March 06, 2018

Warren Introduces Legislation to Compensate Investors Cheated by Brokers and Dealers

Unpaid Arbitration Awards Have Cost Investors $100 Million

Bill Text | One-Pager

Washington, DC - United States Senator Elizabeth Warren (D-Mass.) today introduced the Compensation for Cheated Investors Act which would direct the Financial Industry Regulatory Authority (FINRA) to use its existing authority to compensate investors for unpaid arbitration awards against FINRA members.

Investors don't win very often in the arbitration process - and when they do, they often don't get paid. According to a December 2015 report by FINRA's Dispute Resolution Task Force, investors were unable to collect more than $62 million in unpaid arbitration awards in 2013 alone. A study by the Public Investors Arbitration Bar Association determined that one-third of all arbitration awards in 2013 went unpaid and that the $62 million in unpaid awards represented nearly a quarter of the total amount of arbitration awards that year.

"FINRA has the authority to make sure defrauded investors don't get stiffed - and this bill will make sure it uses it," said Senator Warren. "Unpaid arbitration awards have cost ordinary investors hundreds of millions of dollars over the years. FINRA is supposed to be looking out for them, not the brokers and dealers who cheat them."

FINRA - and its predecessor self-regulatory organizations - have let this problem continue for too long.
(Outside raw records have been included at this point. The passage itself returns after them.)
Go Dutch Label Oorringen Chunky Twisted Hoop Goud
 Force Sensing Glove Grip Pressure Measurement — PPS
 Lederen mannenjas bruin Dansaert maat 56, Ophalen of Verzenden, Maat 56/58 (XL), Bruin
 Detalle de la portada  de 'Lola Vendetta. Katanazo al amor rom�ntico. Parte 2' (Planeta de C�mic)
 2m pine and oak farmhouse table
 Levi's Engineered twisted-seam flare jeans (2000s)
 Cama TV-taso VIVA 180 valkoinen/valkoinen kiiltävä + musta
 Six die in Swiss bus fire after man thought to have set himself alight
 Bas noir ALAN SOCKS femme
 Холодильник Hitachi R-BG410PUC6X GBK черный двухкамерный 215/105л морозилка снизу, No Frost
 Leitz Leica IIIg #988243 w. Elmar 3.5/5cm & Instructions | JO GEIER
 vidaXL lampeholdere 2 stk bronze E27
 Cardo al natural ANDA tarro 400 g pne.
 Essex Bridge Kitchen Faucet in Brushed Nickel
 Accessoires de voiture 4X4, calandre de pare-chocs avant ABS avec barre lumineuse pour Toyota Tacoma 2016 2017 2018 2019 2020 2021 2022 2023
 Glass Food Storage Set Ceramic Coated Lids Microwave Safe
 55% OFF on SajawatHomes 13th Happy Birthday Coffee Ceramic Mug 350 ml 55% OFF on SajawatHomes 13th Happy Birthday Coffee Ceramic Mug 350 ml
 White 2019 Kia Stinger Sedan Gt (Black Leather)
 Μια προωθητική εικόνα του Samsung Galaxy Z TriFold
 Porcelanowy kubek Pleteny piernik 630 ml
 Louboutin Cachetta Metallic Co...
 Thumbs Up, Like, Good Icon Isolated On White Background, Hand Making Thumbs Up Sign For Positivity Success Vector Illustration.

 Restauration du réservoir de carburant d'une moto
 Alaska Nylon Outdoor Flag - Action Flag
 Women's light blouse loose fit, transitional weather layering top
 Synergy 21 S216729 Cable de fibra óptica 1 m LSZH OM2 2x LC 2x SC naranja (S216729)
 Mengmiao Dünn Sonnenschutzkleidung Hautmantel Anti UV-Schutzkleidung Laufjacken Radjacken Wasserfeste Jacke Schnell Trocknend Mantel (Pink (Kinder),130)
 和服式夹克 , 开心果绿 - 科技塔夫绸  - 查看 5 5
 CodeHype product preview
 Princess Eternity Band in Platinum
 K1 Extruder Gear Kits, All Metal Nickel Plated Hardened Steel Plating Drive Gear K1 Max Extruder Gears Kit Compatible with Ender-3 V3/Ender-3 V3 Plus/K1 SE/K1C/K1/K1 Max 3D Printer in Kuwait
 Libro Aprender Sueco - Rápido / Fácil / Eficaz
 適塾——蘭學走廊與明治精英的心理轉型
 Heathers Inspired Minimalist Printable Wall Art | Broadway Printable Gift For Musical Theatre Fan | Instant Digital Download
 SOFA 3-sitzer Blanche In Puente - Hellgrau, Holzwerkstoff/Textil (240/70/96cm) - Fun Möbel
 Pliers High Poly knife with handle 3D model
A 2000 report from the non-partisan United States General Accounting Office (GAO) found that 49 percent of investor arbitration awards in 1998 went entirely unpaid by broker-dealers and an additional 12 percent were only partially paid. The GAO recommended that the self-regulatory organizations "develop procedures addressing the problem of unpaid awards caused by failed broker-dealers." But nearly two decades later, FINRA still has not established such procedures.

The Compensation for Cheated Investors Act would direct FINRA to establish a pool funded by penalties from members that will pay unpaid final arbitration awards and require it to track whether future arbitration awards are paid.